Capital projects, Holland said, “are bigger ticker items and I think will help us make those decisions if we want to take those on this year or not.”

The problem is that where a single “mil,” or dollar in tax per $1,000 in assessed value, could generate $12 million in revenue at the peak of the county’s housing boom, that same dollar generates just $6.2 million today. There are ways to make up the revenue, among them raising the tax rate, spending some of the county’s $7 million reserves, reducing staff or adding an electric “franchise fee” (essentially, a tax on customers’ utility bills, just as Palm Coast is considering).

alan peterson flagler county commission

Alan Peterson (© FlaglerLive)

Those options will be discussed in the weeks and  months ahead, in the midst of an election year that has three commissioners—Barbara Revels, who chairs the commission, George Hanns and Alan Peterson—defending their seats.
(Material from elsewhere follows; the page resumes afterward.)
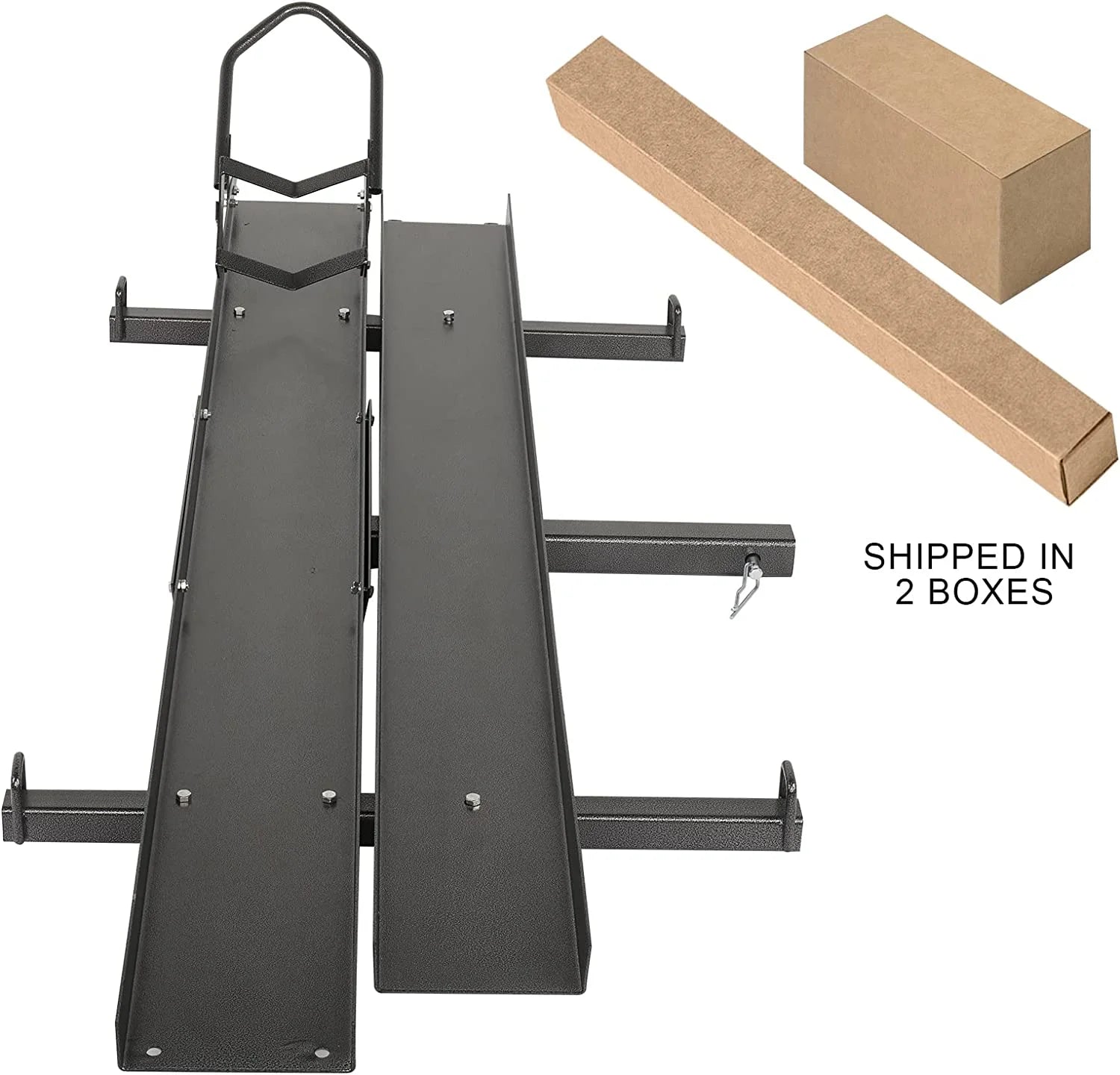600LBS Steel Hitch Mount Motorcycle Carrier with Loading Ramp Q3882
So far only Hanns and Peterson have drawn opposition, but the potential for more candidates may be playing into some commissioners’ hope of reducing the number of meetings, though among all local governments, the county commission has had the most transparent method of examining the budget.  In Palm Coast, in comparison, as Coffey put it, “they have two workshops and they’re done.”

“Maybe we can fast-truck the budget process this time around, maybe not having as many budget workshops,” Revels said.

“I’m going to try to go faster this year if it’s OK with the board,” Coffey said.

“I’d like to see the same process continue,” Peterson said, “and I do want to see the constitutional officers come before us because this is the one time when they can present their budgets to the public, and their budgets and their expenses are included in the one tax bill that all residents get. So I think to include them in the entire budgetary process in some form makes sense.”

Here’s how Revels described the new budget process: “Where there are areas of the budget where there’s going to see little or no change,” she said, “it would be something that certainly will be handed out to us for review, that we could bring up if we have any questions on it. But for the things that we will sit and have discussion on would be individual departments, where there’s going to need to be a change up or down, and we’ll have the constitutionals present. That may mean one less meeting.”

“We will not hide any information, all of our sheets will be online,” Coffey said, “we’ve given you all the detailed back-up, that will all be online. All that stuff is available to the public, and we produce a very detailed budget, very broken down.”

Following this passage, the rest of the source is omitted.